Revalidation of Doctors - Health Committee Contents

2   A history of revalidation

9.   "Revalidation" is a broad term used to refer to the policy of proactively ensuring that practitioners who are registered to practise are still safe and competent to do so. This contrasts with the policy of investigating competence only when complaints are made or concerns are raised.

10.  The GMC first proposed a formal process of revalidation in 2000. However, these proposals were eventually diluted to a requirement that all doctors should participate in annual appraisals conducted by their employers, and that employers should issue a statement every five years to confirm the absence of significant concerns.

11.  A report in 2006[5] by the then Chief Medical Officer for England noted that, following qualification, a doctor could go on to have a 30-year career without any further formal assessment of their continued competency. Public opinion research conducted for that report found that almost half of those asked thought that doctors were already subject to regular assessments, with one in five believing that this happened annually.

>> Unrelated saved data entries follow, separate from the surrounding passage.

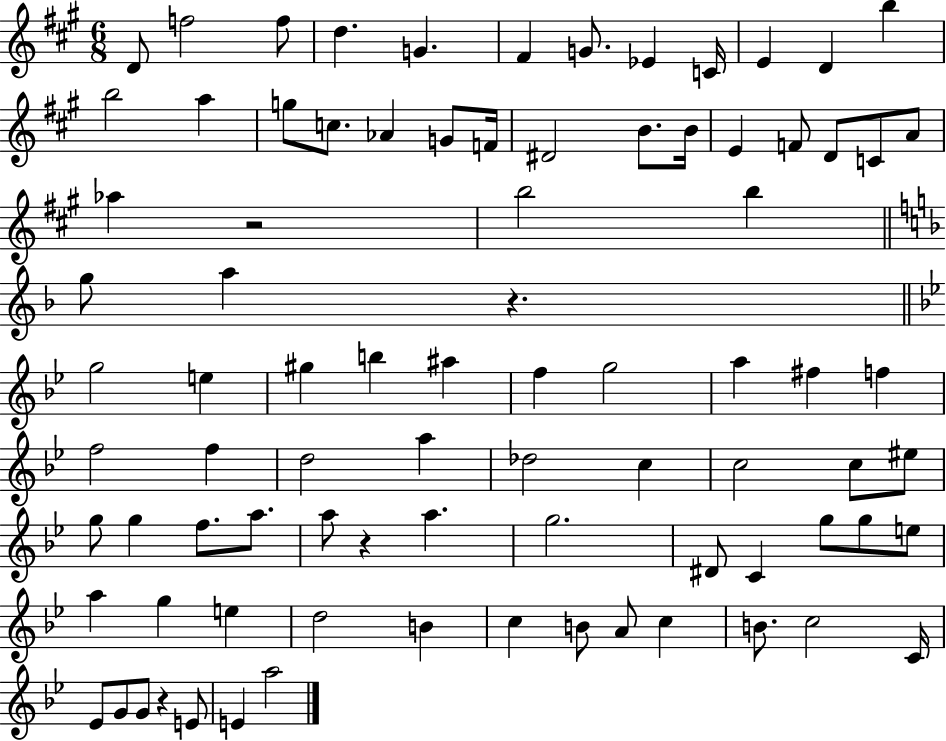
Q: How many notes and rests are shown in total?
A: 85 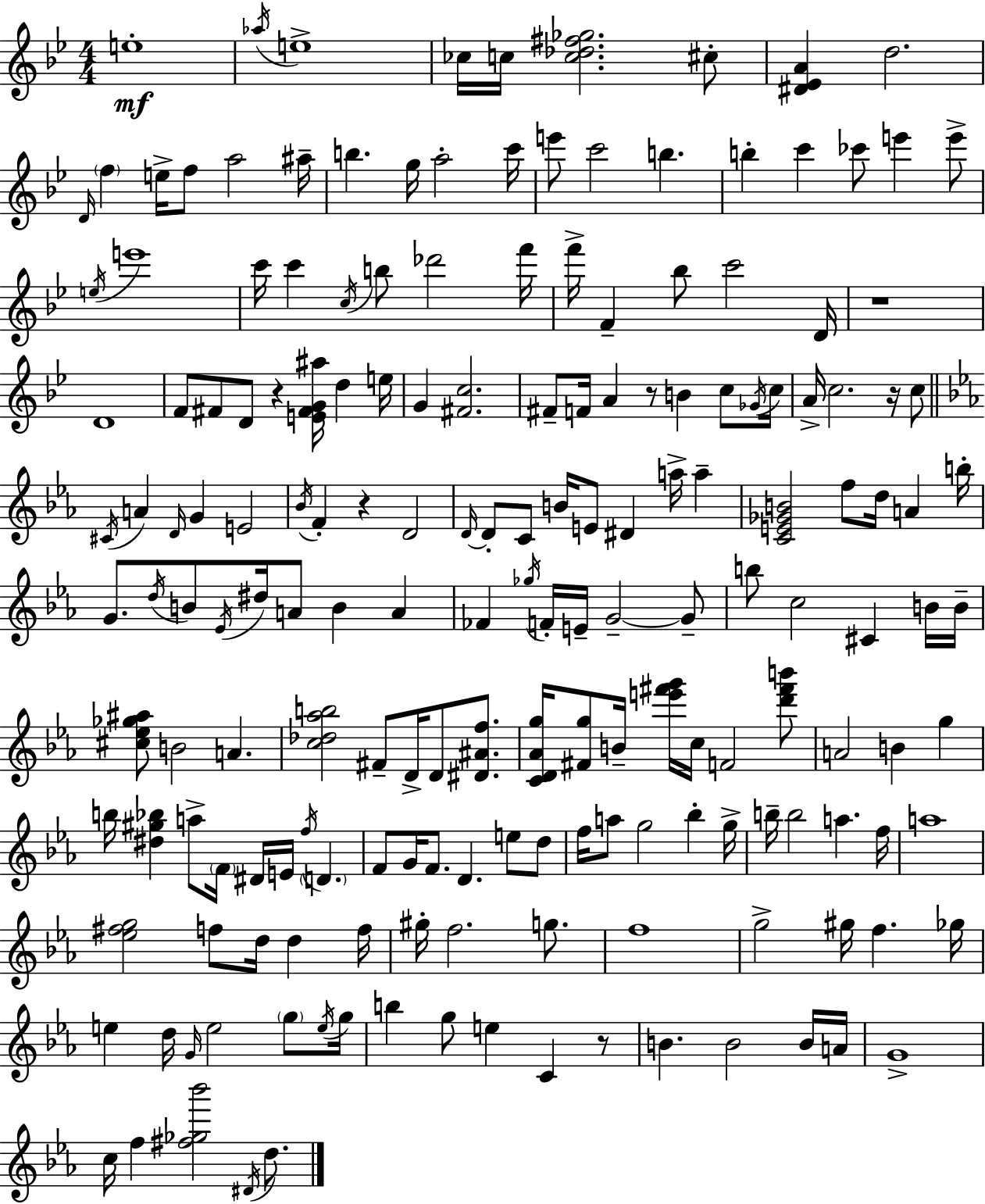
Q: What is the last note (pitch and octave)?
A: D5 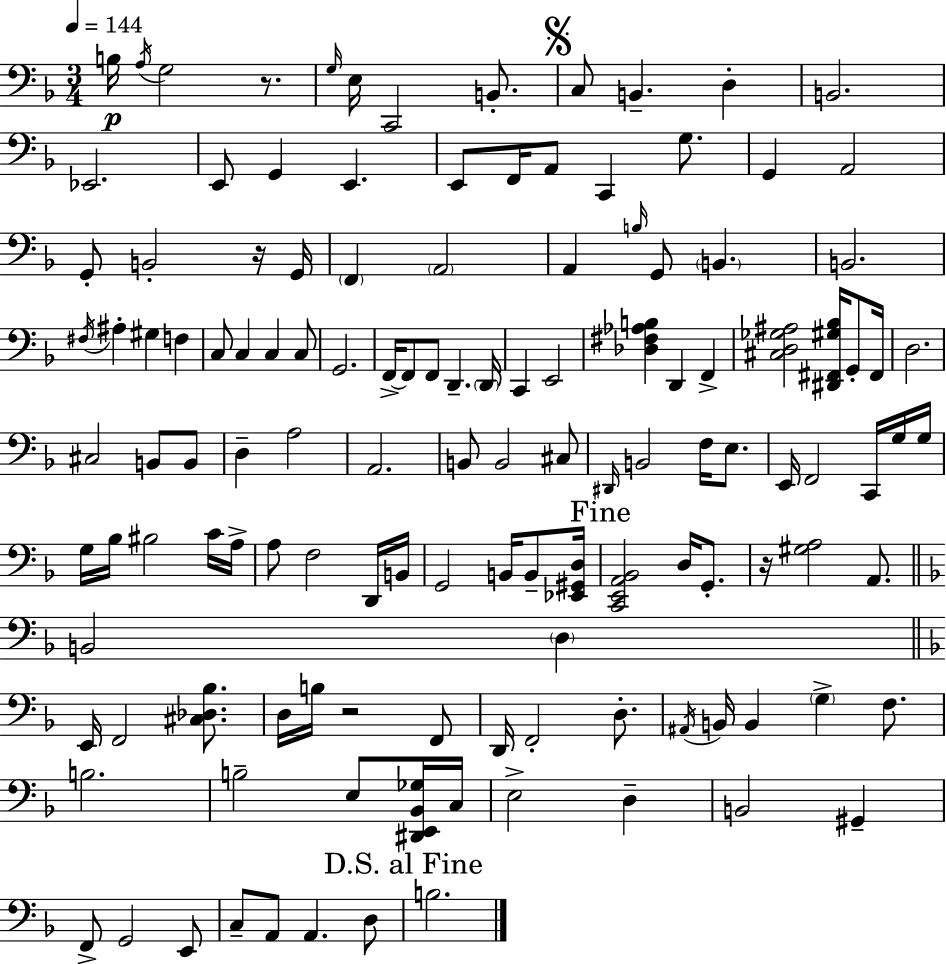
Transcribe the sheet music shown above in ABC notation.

X:1
T:Untitled
M:3/4
L:1/4
K:Dm
B,/4 A,/4 G,2 z/2 G,/4 E,/4 C,,2 B,,/2 C,/2 B,, D, B,,2 _E,,2 E,,/2 G,, E,, E,,/2 F,,/4 A,,/2 C,, G,/2 G,, A,,2 G,,/2 B,,2 z/4 G,,/4 F,, A,,2 A,, B,/4 G,,/2 B,, B,,2 ^F,/4 ^A, ^G, F, C,/2 C, C, C,/2 G,,2 F,,/4 F,,/2 F,,/2 D,, D,,/4 C,, E,,2 [_D,^F,_A,B,] D,, F,, [^C,D,_G,^A,]2 [^D,,^F,,^G,_B,]/4 G,,/2 ^F,,/4 D,2 ^C,2 B,,/2 B,,/2 D, A,2 A,,2 B,,/2 B,,2 ^C,/2 ^D,,/4 B,,2 F,/4 E,/2 E,,/4 F,,2 C,,/4 G,/4 G,/4 G,/4 _B,/4 ^B,2 C/4 A,/4 A,/2 F,2 D,,/4 B,,/4 G,,2 B,,/4 B,,/2 [_E,,^G,,D,]/4 [C,,E,,A,,_B,,]2 D,/4 G,,/2 z/4 [^G,A,]2 A,,/2 B,,2 D, E,,/4 F,,2 [^C,_D,_B,]/2 D,/4 B,/4 z2 F,,/2 D,,/4 F,,2 D,/2 ^A,,/4 B,,/4 B,, G, F,/2 B,2 B,2 E,/2 [^D,,E,,_B,,_G,]/4 C,/4 E,2 D, B,,2 ^G,, F,,/2 G,,2 E,,/2 C,/2 A,,/2 A,, D,/2 B,2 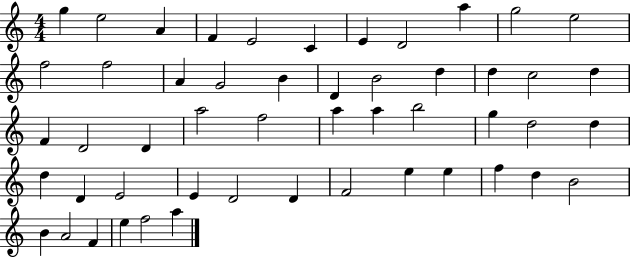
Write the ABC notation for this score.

X:1
T:Untitled
M:4/4
L:1/4
K:C
g e2 A F E2 C E D2 a g2 e2 f2 f2 A G2 B D B2 d d c2 d F D2 D a2 f2 a a b2 g d2 d d D E2 E D2 D F2 e e f d B2 B A2 F e f2 a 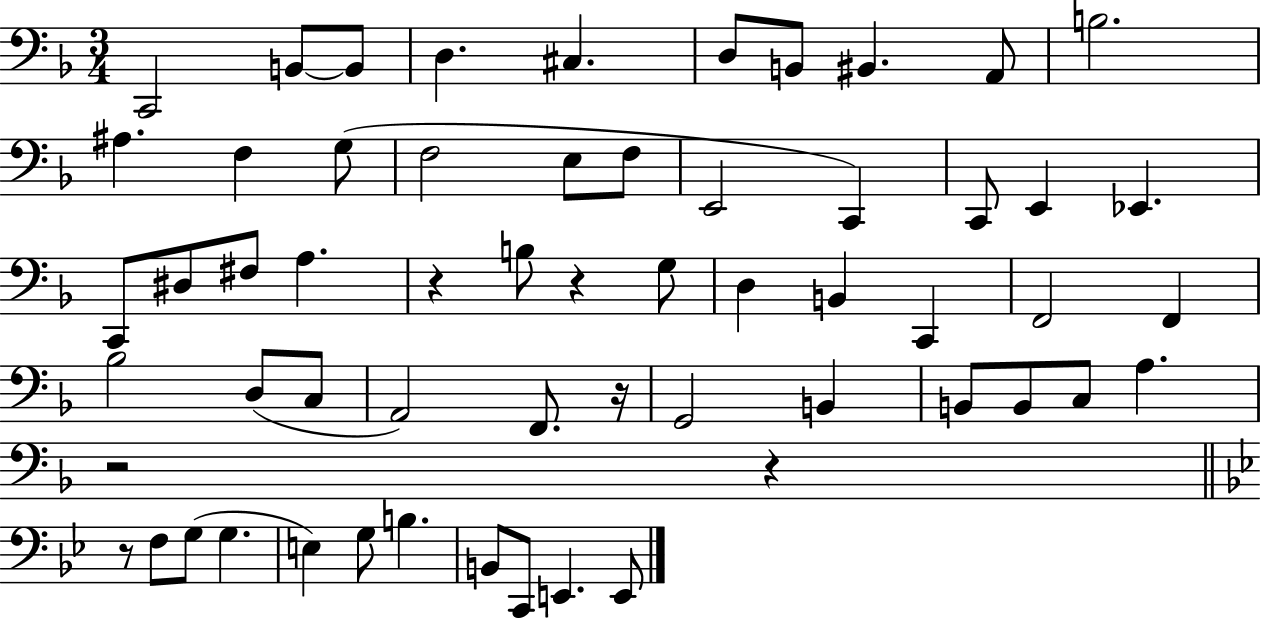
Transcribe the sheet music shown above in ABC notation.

X:1
T:Untitled
M:3/4
L:1/4
K:F
C,,2 B,,/2 B,,/2 D, ^C, D,/2 B,,/2 ^B,, A,,/2 B,2 ^A, F, G,/2 F,2 E,/2 F,/2 E,,2 C,, C,,/2 E,, _E,, C,,/2 ^D,/2 ^F,/2 A, z B,/2 z G,/2 D, B,, C,, F,,2 F,, _B,2 D,/2 C,/2 A,,2 F,,/2 z/4 G,,2 B,, B,,/2 B,,/2 C,/2 A, z2 z z/2 F,/2 G,/2 G, E, G,/2 B, B,,/2 C,,/2 E,, E,,/2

12.  The then Government issued a White Paper in February 2007[6] which concluded that, because of changes in public and professional opinion, it was no longer sufficient to assume that a professional continued to be up-to-date in their knowledge and fitness to practise throughout their career; this trust now had to be "underpinned by objective assurance". In the White Paper, the Government proposed that all healthcare professionals should be required to complete a process of revalidation. There would be two main components to revalidation: "relicensing", under which all professionals would have to demonstrate that they remained fit to practise; and an additional process of "recertification" for specialist doctors and GPs, who would need to demonstrate that they remained competent in their specialism.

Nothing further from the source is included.